A promise to make a gift will not be legally binding, but the presence of consideration that
makes a promise binding as a contract.
Consideration is known as the badge of enforceability in agreements. There are two types of
consideration – executed (already performed) and executory (yet to be performed)
consideration.
In a wholly executory contract, making of a promise by both parties can be considered as
consideration (Dunlop Pneumatic Tyre v Selfridge). It is better to consider mutuality.

Consideration must move from the promisee:


From Bolton v Madden and Tweddle v Atkinson, it is established that consideration must move
from the promise but not necessarily to the promisor.
Exception: In Williams v Roffey Bros, consideration moved from the promisor. Colman J
expressed his doubt on the correctness of this case in SCT v Trafigura Beeher BV.

Consideration must be sufficient, need not be adequate:


a) Courts will not look into the adequacy of the contract but rather if there is sufficient
consideration (Thomas v Thomas).
b) Courts will not involve themselves in whether the parties got into a bad bargain – parties can
choose what consideration they deem fit, it just has to have some (economic) value in the
eyes of the law (Chappel v Nestle).
c) Consideration must not usually be intangible (White v Bluett).
d) If the consideration is intangible, it should be of some economic value (Bainbridge v
Firmstone, Edmonds v Lawson).
e) Compromise and forbearance to sue is good consideration (Alliance Bank v Broom).

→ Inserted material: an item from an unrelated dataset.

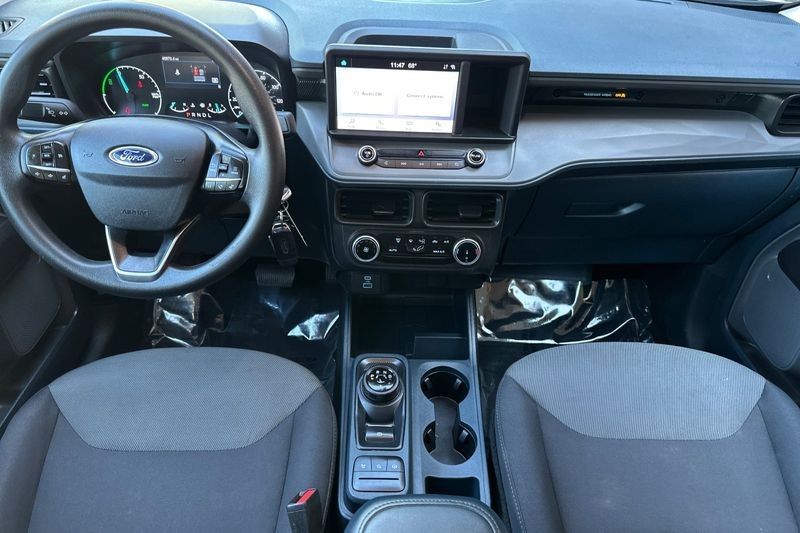 Ford Maverick Vehicle Full-screen Gallery Image 14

Existing Obligations as Good Consideration


Obligations arising under the law, independent of any contract
Public Duty
- Performance of duty imposed by law cannot be good consideration (Collins v Godefroy,
Leeds United FC v Chief Constable of West Yorkshire).
- If the performance done is more than that required by the existing duty, then the promise
to be paid can be enforced (Glassbrook Bros Ltd v Glamorgan CC).
Legal Duty
- Existing legal duty can be held to be good consideration (Ward v Byham).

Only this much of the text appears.